> [EXERCISE BRIEF] Copy the lines below as they are; omit the images they contain.

> [STORED DATA]
§

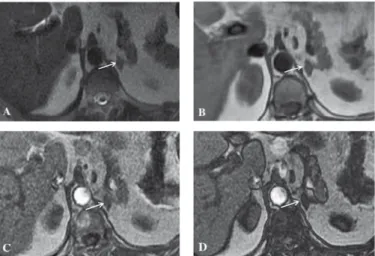 Figure 3. A follow-up magnetic resonance image examination performed  6 years later showed a well-circumscribed solid mass (2 cm x 1 cm) (arrow)  on axial T2- (A) and T1- (B) weighted magnetic resonance images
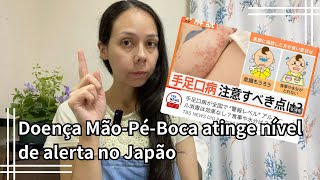 Doença MãoPéBoca atinge nível de alerta no Japão [upl. by Pearlstein829]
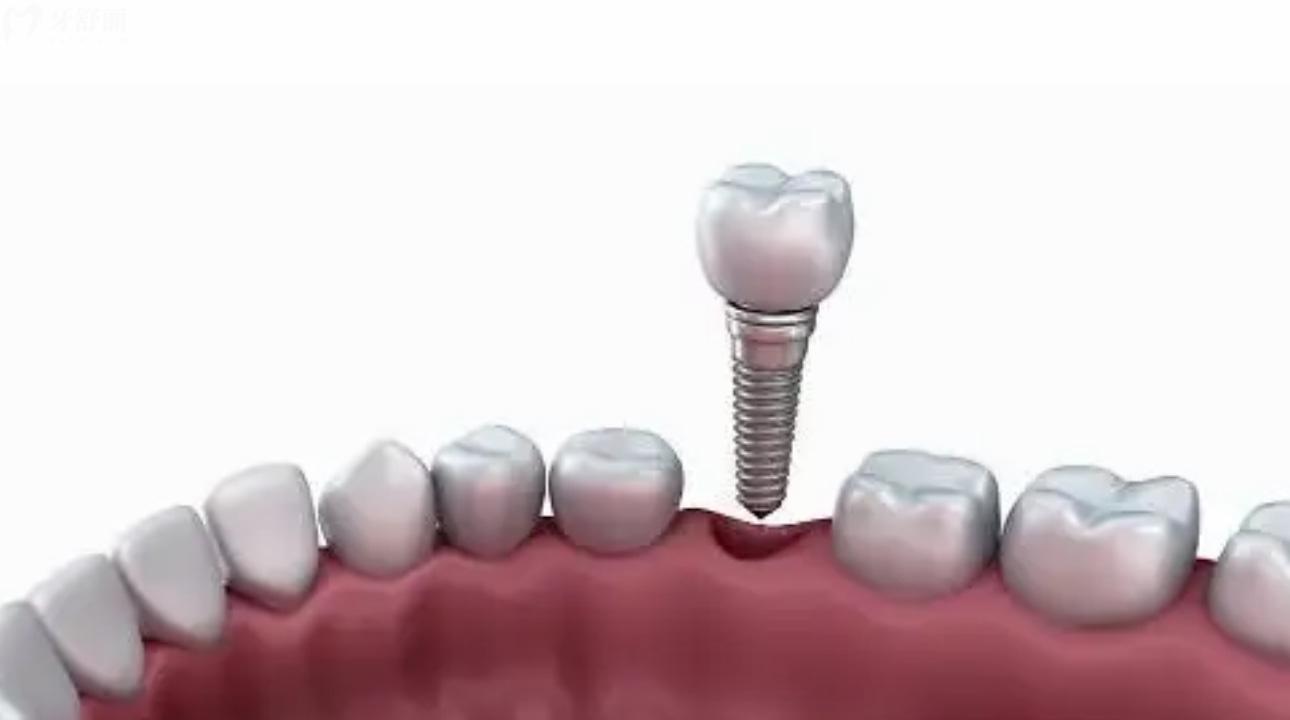 深圳利仁口腔診所怎么樣?深扒口碑發(fā)現(xiàn)有內(nèi)幕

§

> [REPLY]
 Figure 3. A follow-up magnetic resonance image examination performed  6 years later showed a well-circumscribed solid mass (2 cm x 1 cm) (arrow)  on axial T2- (A) and T1- (B) weighted magnetic resonance images
 Doença MãoPéBoca atinge nível de alerta no Japão [upl. by Pearlstein829]
 深圳利仁口腔診所怎么樣?深扒口碑發(fā)現(xiàn)有內(nèi)幕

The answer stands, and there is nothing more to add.